[
https://issues.apache.org/jira/browse/HBASE-13260?page=com.atlassian.jira.plugin.system.issuetabpanels:comment-tabpanel&focusedCommentId=14507870#comment-14507870
]
Enis Soztutar commented on HBASE-13260:
---------------------------------------
bq. The queue is bounded and its size is set by count of handlers (queue
doesn't need to be larger than count of handlers). Is it possible that this
config is warped in this context?
Thanks, it makes sense. I was testing with 150 threads at some point, and the
queue is initialized with numHandlers=5 * 3 = 15. 5 is coming from mini
cluster test config.
bq. bug and optimization aside one major hit is on hsync used by default
instead of hflush used by the region wal
It is a valid point. I think we should do the hsync anyway for regular users.

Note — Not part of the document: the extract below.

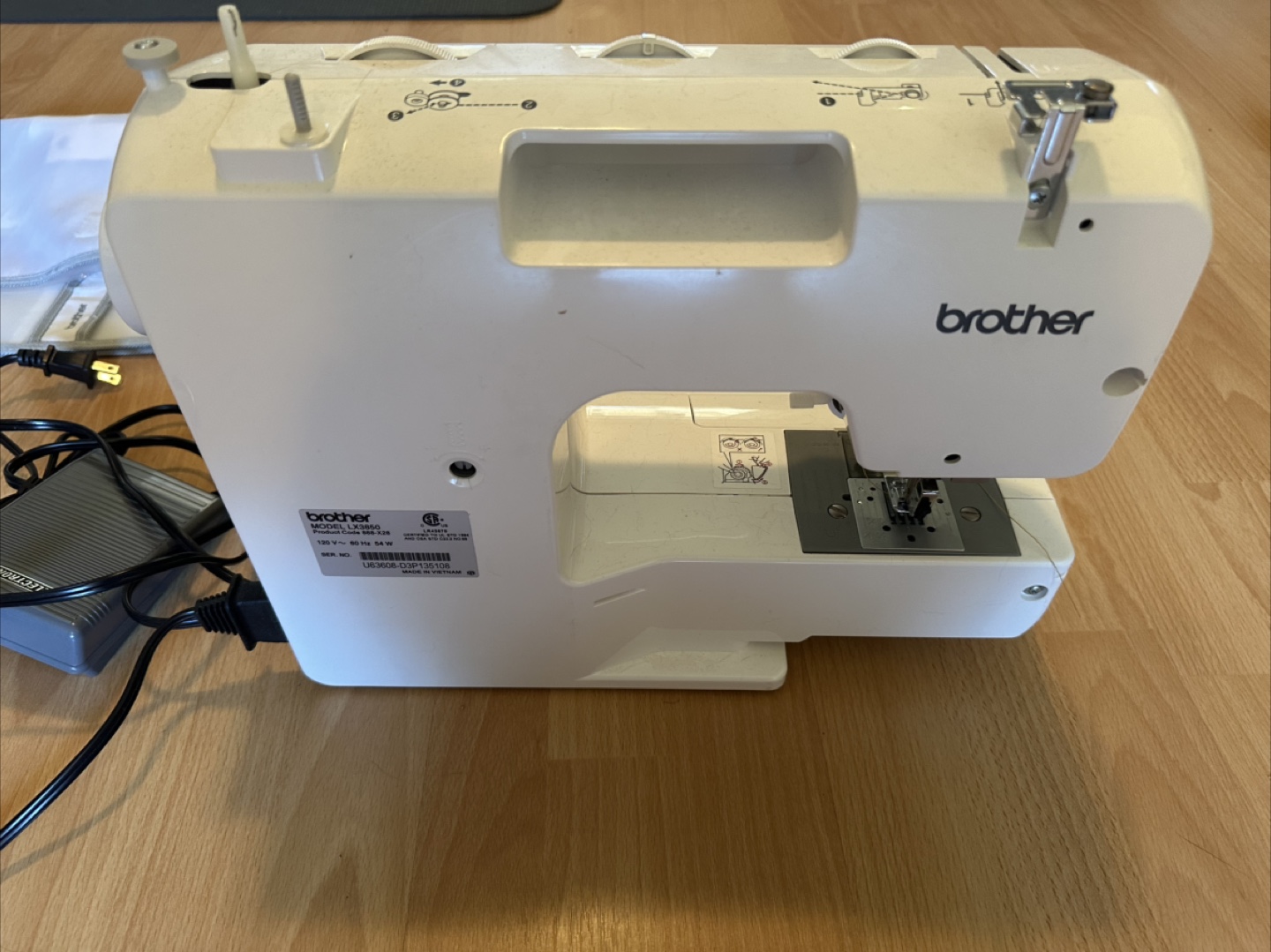 Brother LX3850 Sewing Machine - photo 2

Since we are using hflush for meta already, procedures are not different than
that. In any case, I've added {{put.setDurability(Durability.FSYNC_WAL);}} to
the procedure store so that once we have it we will automatically start using
it.
bq. I looked into the code and found a couple of interesting things to fix see
HBASE-13529.
Looks good. Numbers much better.
bq. when I started with the wal there were a couple of obvious shortcut.
With procs, we have a custom in-memory representation + WAL. For doing all
those tricks, a custom memstore + custom flush and custom WAL replay is needed.
bq. procedure are short lived, we probably don't need compaction but a TTL
expire should be ok.
Actually, a custom flusher which does not flush a deleted cell and delete
tombstone should do the trick. The region will fill up its memstore, but the
flush will write very little data (only the non-deleted procedures).
bq. if we don't have any procedure running, there is no need to replay on
restart.
This is already the case whether procs are running or not. If clean shutdown,
WALs are moved to archive after a flush. The next master start will not do any
replay. If there is running procedures, the scan in load() will see these and
start executing. All of the deleted procedures will be not be seen by the scan.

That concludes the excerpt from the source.